◆ What this task involves ◆
Go to the line below containing "Cutting Files Crawfish" and print exactly from there through the line containing "Women of the Vine, Deborah Brenner", both included. Print nothing else.

◆ Records provided ◆
------------------------------------------------

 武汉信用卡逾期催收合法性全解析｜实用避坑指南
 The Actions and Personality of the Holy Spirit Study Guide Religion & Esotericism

------------------------------------------------

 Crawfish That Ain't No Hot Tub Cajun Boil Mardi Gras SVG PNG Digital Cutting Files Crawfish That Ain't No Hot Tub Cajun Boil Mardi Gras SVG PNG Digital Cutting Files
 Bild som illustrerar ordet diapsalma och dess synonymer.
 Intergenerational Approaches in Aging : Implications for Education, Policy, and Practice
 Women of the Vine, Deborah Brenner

------------------------------------------------

◆ Task solution ◆
 Crawfish That Ain't No Hot Tub Cajun Boil Mardi Gras SVG PNG Digital Cutting Files Crawfish That Ain't No Hot Tub Cajun Boil Mardi Gras SVG PNG Digital Cutting Files
 Bild som illustrerar ordet diapsalma och dess synonymer.
 Intergenerational Approaches in Aging : Implications for Education, Policy, and Practice
 Women of the Vine, Deborah Brenner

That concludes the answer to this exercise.